Node.js handles 100,000 requests per second in a single thread. Java Tomcat by default creates a thread per request and hits a wall at 1000 concurrent connections. Not because one language is faster. Because thread and process architecture determines where the bottleneck lives.
- **Chrome** - one process per tab and extension: a crash in one tab does not kill the browser
- **Python gunicorn** - launches worker processes (not threads) to bypass the GIL: 4 workers = 4 cores fully utilized
- **Java Tomcat** - thread pool of 200 threads: one thread per HTTP request, ~50 KB overhead each
- **Nginx** - worker processes equal to core count, each in an event loop: no context switches under load
- **Go runtime** - 1 goroutine = ~2 KB vs ~50 KB OS thread: one million goroutines genuinely work
- **LMAX Disruptor** - ring buffer + busy-wait threads: 6 million transactions/s with zero context switches
Предварительные знания
Threads
PyTorch training on 8 GPUs. Each GPU worker is a thread. All threads see the same model weights in memory. Gradients update from multiple threads simultaneously - without synchronization, weights diverge. That is the core insight: **threads** are multiple lines of execution inside one process, sharing the same address space. Speed and danger come from the same source.
| What threads share | What each thread owns |
|---|---|
| Address space (heap) | Stack ~8 MB by default |
| Open files and sockets | CPU registers (RAX, RBX, RSP, RIP) |
| Global variables | Program counter (PC) |
| Program code | Local variables |
| Allocated memory | Thread ID + signal mask |
A **thread** is the smallest unit of execution scheduled by the OS. Creating a thread costs ~10-50 KB of stack and ~1 microsecond of CPU time. That is why Java Tomcat spawns hundreds of threads under load. The problem is not creation - it is **race conditions**: when two threads read and write the same memory location without synchronization, the result is undefined.

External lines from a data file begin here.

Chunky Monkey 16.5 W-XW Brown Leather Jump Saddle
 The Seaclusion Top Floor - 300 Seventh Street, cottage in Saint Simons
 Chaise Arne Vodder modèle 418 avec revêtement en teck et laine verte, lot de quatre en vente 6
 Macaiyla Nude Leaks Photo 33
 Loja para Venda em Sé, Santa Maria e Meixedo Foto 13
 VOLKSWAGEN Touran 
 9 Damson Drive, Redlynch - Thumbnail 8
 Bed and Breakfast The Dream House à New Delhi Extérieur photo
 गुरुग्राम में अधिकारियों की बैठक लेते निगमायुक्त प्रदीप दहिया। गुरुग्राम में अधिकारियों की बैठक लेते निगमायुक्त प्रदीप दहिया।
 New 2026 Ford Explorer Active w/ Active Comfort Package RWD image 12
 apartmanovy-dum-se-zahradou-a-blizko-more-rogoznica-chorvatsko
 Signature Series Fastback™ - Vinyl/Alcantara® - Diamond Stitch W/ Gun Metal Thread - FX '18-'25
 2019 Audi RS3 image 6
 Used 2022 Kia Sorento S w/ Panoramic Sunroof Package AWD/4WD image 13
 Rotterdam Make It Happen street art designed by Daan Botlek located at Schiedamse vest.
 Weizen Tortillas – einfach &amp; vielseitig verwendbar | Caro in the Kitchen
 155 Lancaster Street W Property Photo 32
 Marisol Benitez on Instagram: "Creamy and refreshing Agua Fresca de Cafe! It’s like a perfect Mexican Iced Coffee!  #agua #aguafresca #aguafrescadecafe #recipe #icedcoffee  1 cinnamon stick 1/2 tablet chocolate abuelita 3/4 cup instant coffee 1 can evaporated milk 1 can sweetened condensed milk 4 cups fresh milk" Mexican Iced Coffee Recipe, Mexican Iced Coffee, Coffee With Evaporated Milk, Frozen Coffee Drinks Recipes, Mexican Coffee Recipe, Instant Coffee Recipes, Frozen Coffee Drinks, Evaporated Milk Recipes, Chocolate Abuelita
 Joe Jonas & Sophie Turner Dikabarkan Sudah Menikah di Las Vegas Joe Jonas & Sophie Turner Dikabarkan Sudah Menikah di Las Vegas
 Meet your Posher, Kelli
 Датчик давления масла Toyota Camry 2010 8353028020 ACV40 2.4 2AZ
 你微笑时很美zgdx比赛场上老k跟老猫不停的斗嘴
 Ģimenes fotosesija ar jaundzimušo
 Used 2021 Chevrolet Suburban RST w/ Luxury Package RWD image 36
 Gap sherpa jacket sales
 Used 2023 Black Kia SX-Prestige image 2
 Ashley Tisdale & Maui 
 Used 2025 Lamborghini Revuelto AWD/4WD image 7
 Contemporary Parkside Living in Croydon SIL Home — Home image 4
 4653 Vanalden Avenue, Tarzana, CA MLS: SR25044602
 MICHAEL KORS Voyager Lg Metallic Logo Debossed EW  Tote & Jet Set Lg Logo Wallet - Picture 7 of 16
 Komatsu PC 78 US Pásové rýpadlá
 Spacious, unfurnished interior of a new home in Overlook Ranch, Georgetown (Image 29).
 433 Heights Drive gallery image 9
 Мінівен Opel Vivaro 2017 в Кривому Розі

Thousands of threads become a bottleneck - not because of memory, but because of context switching. Linux switches threads every 4-15 ms on a timer. With 1000 threads on 8 cores - 125 threads per core, a switch every 50-100 microseconds. L1/L2 cache is perpetually cold for each incoming thread. This is exactly why Go goroutines and Rust tokio use a user-space M:N scheduler - hundreds of thousands of green threads on a small number of OS threads.
Two threads simultaneously execute shared_counter += 1. What result is possible?
Processes
Chrome keeps a separate process for each tab. A JavaScript page spinning in an infinite loop, consuming a full core - other tabs do not slow down. That is **process isolation**: each process lives in its own address space. The kernel enforces boundaries through the MMU. One process physically cannot read another's memory without explicit IPC.
| Property | Threads | Processes |
|---|---|---|
| Memory | Shared | Isolated (private) |
| Creation | ~1 µs, ~50 KB | ~1 ms, ~MB (fork copies page tables) |
| Communication | Via shared memory - nanoseconds | IPC: pipe/socket/shm - microseconds to milliseconds |
| Crash isolation | One thread crashes - whole process dies | One process crashes - others survive |
| Safety | Race conditions, shared state bugs | MMU isolation by default |
| GIL (Python) | GIL blocks CPU parallelism | Each process has its own GIL |
**IPC** (Inter-Process Communication): **pipes** - one-directional byte stream, ~50 MB/s; **shared memory** - common RAM region via mmap, memory bus speed; **sockets** - universal, works over network, ~10 µs overhead; **message queues** - POSIX mq, asynchronous. Gunicorn and uWSGI choose processes specifically to bypass Python's GIL - each worker independently saturates one core.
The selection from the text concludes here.